WORK ITEM: Take from the entries below the stretch from the line with "used 2023 Kia Rio car, priced at $18,998" through the line with "Camiseta Amor que Floresce - Imagem 4", and return it exactly, leaving the pictures out.

---- INFORMATION SHOWN

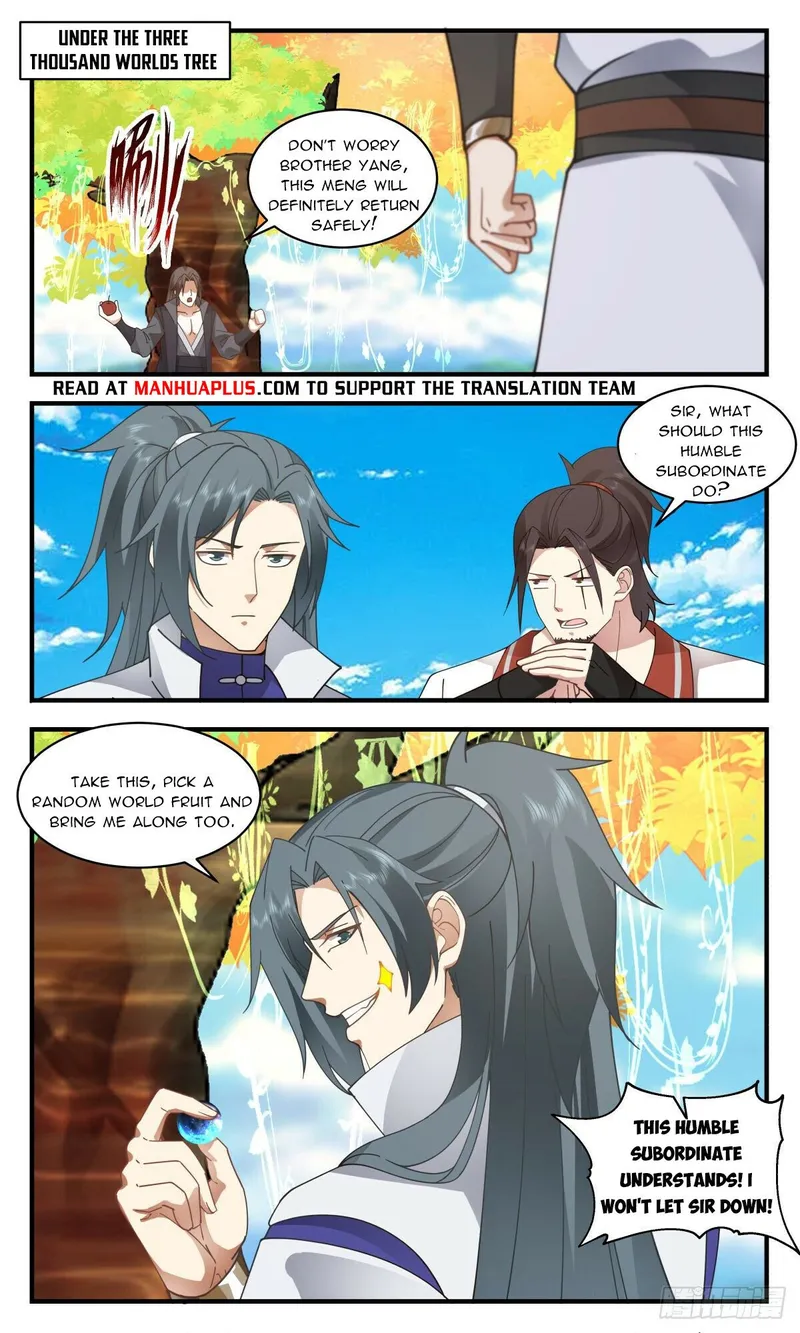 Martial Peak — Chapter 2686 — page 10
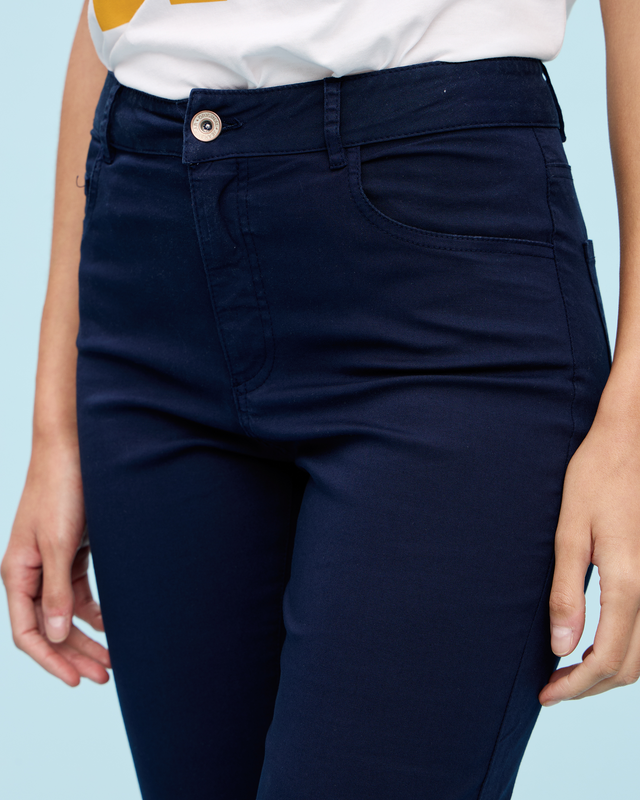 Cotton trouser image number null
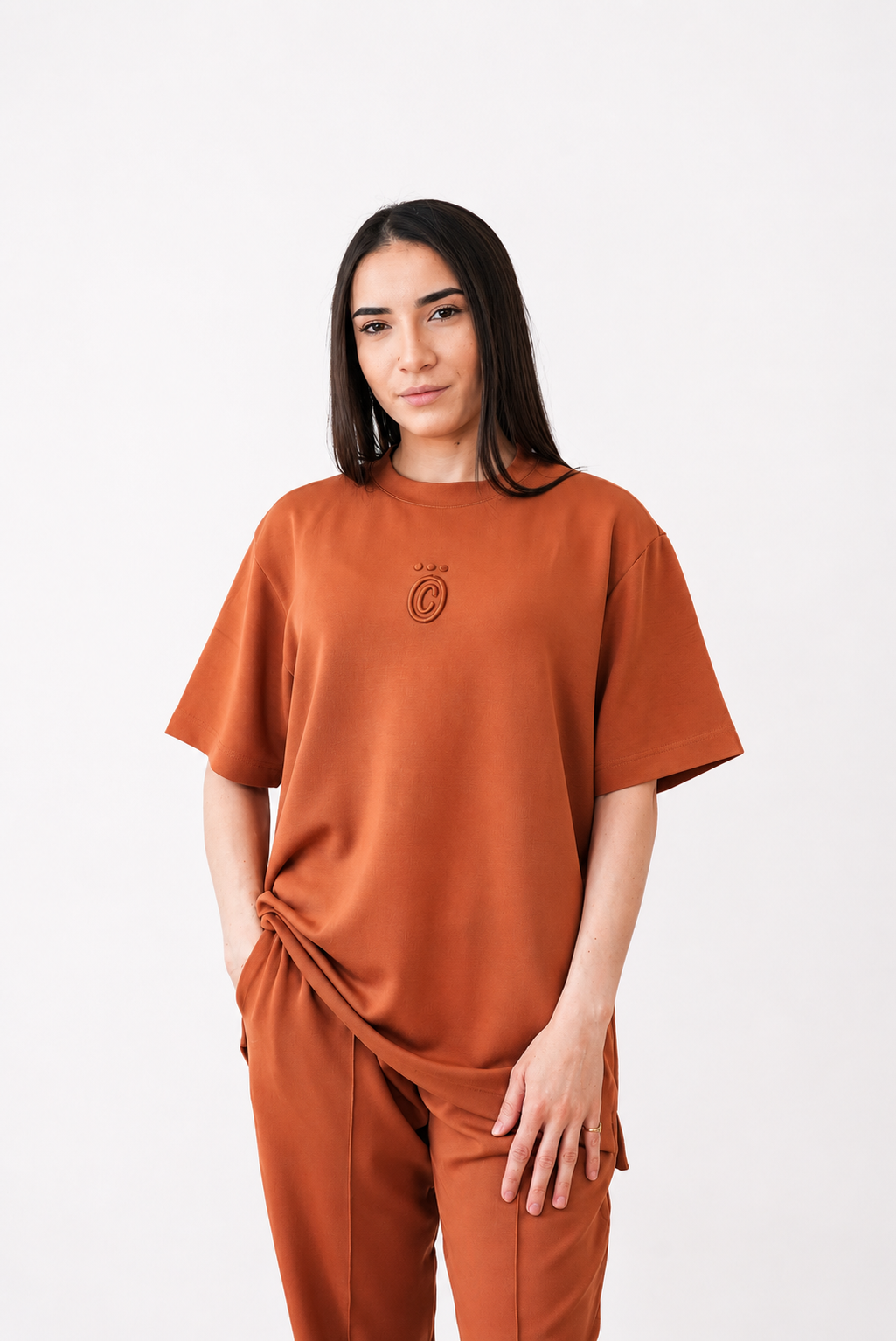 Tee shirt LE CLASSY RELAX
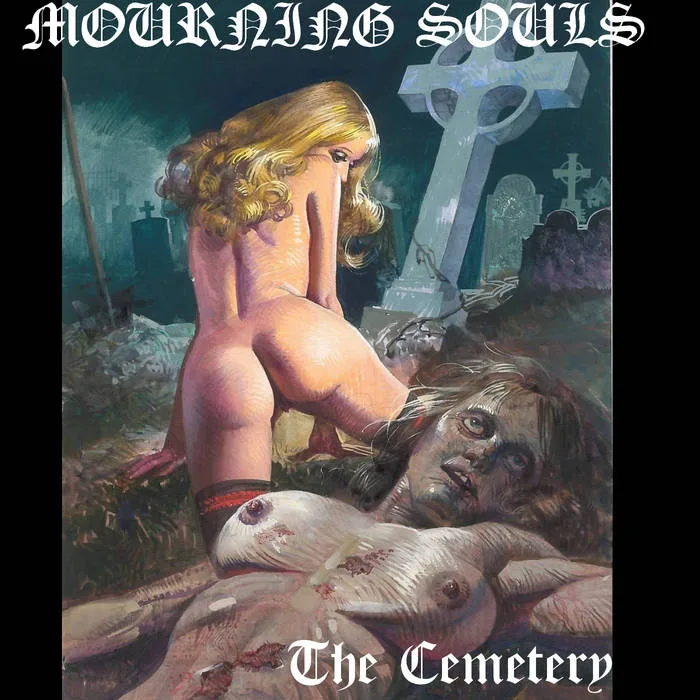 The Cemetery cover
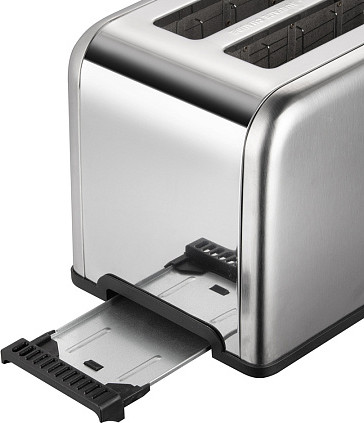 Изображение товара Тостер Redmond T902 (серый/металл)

--------
---- INFORMATION SHOWN

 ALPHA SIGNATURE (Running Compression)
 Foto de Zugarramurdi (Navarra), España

--------
---- INFORMATION SHOWN

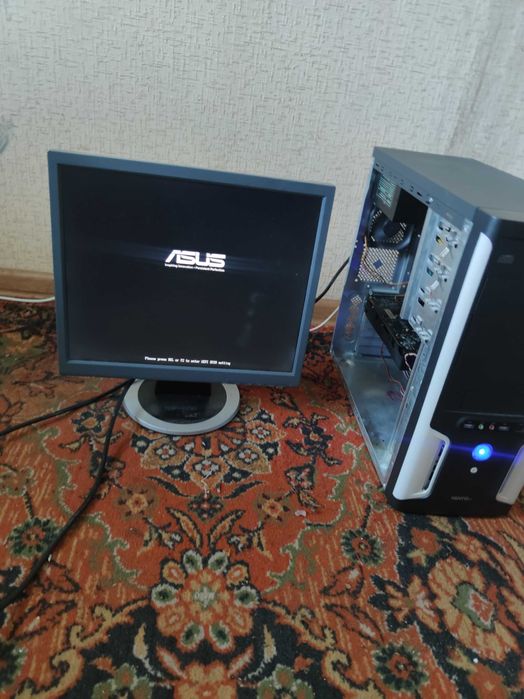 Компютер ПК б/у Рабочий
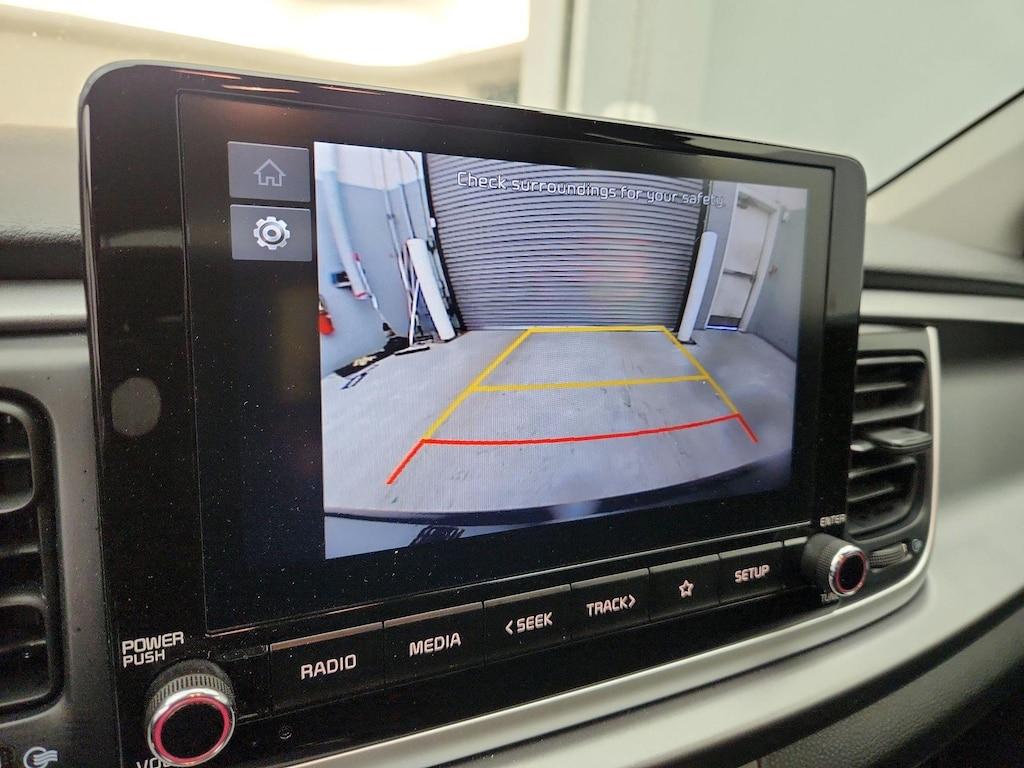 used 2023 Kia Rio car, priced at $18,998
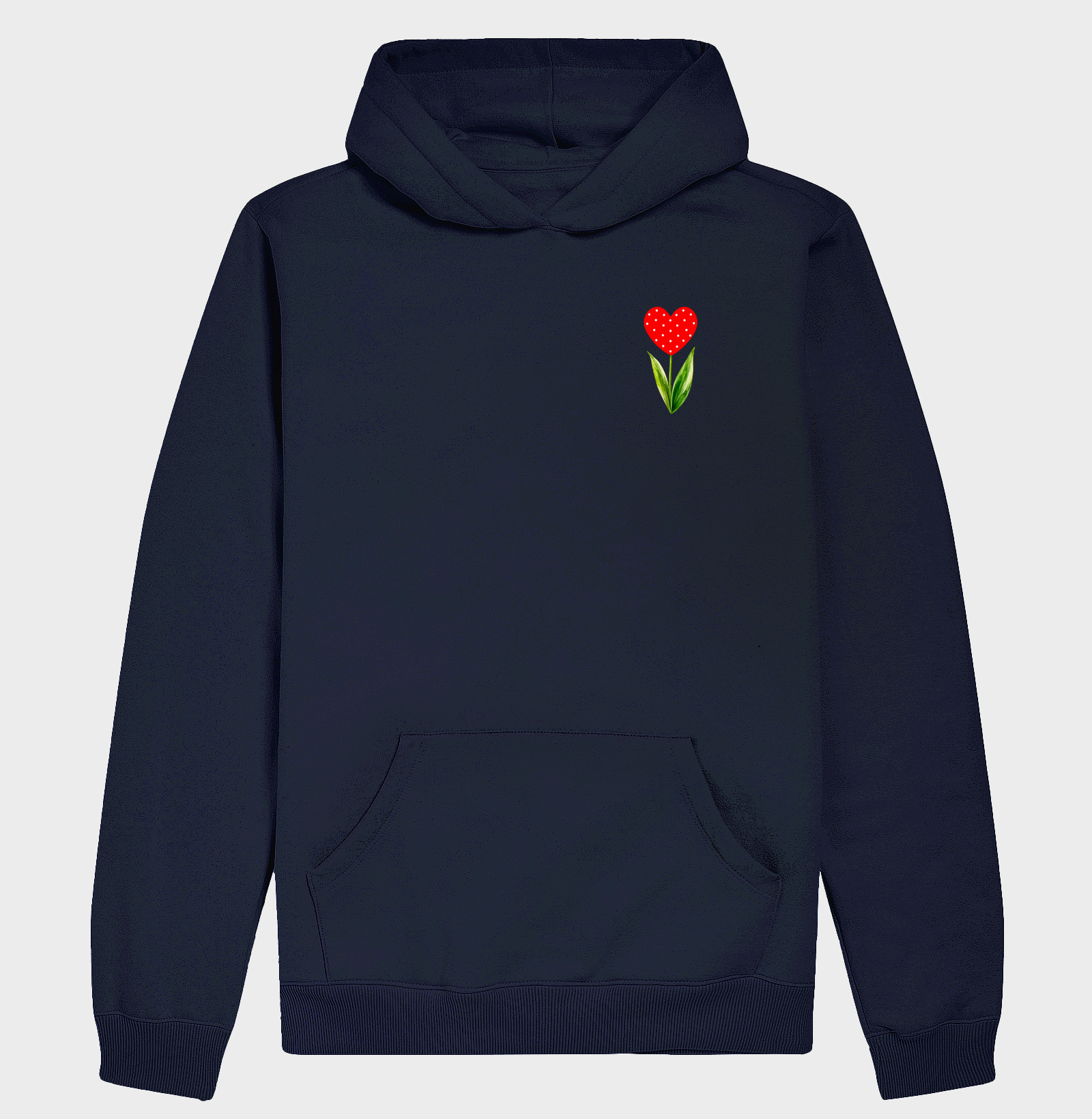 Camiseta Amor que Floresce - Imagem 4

--------

YOUR RESPONSE:
 used 2023 Kia Rio car, priced at $18,998
 Camiseta Amor que Floresce - Imagem 4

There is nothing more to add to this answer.